Jidenna’s 85 to Africa is a solid piece of art with 11 songs that will all take you away with its 808s, soothing R&B sounds, and some hardcore rap. After the simmering success of his first album The Chief, I instantly gravitated toward Jidenna when I found out he was in the Netflix show Luke Cage, and from that moment I knew that I had to learn more about him. Starting off, he comes out to pack the punch and cement his name in the rap game. He shows that he’s not like any other performer at the moment.
I really love the accents on the beats in 85 to Africa. The album starts strong, hitting hard in all the right places. His wordplay is something to note as he switches between accents in the subtlest of ways. The same thing occurs in “Zodi” and it’s a refreshing switch up as the beat mimics instruments found in African culture.
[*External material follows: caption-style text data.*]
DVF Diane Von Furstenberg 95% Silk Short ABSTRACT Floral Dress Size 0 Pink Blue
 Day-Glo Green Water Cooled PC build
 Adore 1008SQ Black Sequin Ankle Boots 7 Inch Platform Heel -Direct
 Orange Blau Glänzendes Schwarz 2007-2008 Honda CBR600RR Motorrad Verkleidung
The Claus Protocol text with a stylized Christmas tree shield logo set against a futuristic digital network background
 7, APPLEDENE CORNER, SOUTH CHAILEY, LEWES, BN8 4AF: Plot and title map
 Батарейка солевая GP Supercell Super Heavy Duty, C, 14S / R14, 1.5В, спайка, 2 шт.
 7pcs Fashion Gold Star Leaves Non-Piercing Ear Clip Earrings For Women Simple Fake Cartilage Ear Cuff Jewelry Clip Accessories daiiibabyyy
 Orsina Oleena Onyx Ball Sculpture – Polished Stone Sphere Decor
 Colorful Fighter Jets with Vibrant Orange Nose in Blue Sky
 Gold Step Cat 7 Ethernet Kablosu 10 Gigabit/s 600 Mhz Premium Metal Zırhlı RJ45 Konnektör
All the songs carry a message to which I appreciate mainly regarding the state of black social interactions today either for better or worse. He speaks on issues of black on black violence and the perception that people fear those in the black communities yet they want to emulate our mannerisms. This comes to light in a few songs, but especially in “Pretty & Afraid.” I personally resonated with the phrase, “all I want is for others to look at you the way you look at me” and I think many other feel that same way.
He also has an African artist featured, which speaks to his character in that he doesn’t forget where he is from. Mr. Eazi featured on “Zodi” is a Nigerian artist and his voice fits perfectly on this track. This one is comparable to “Zodi” in my opinion in its ability to really get you moving. The other features on the album include Gold Link in “Babouche”, St. Beauty and Mereba in “The Other Half”, and Seun Kuti in “Worth the Weight.” One of my personal favorites off of the album is “Sufi Woman”, partly for the beat and the guitar, but also because you can’t help but sing along and just groove to the beat. This track, as well as “Vaporoza” are sure to get you moving on the club floor.
In his other works he talks about his family and he does the same thing in this body of work by paying homage to his parents who brought him to this country. They worked extremely hard and they wanted him to do the same by going to school and becoming a doctor or an engineer. Although he didn’t go that rout, he still has a huge voice in the community and he speaks in depth about these issues in “Jungle Fever” and equates Atlanta to the jungle in some ways. In all, there’s nothing that I don’t like about this album, and I’ve found myself constantly listening to these songs over and over again.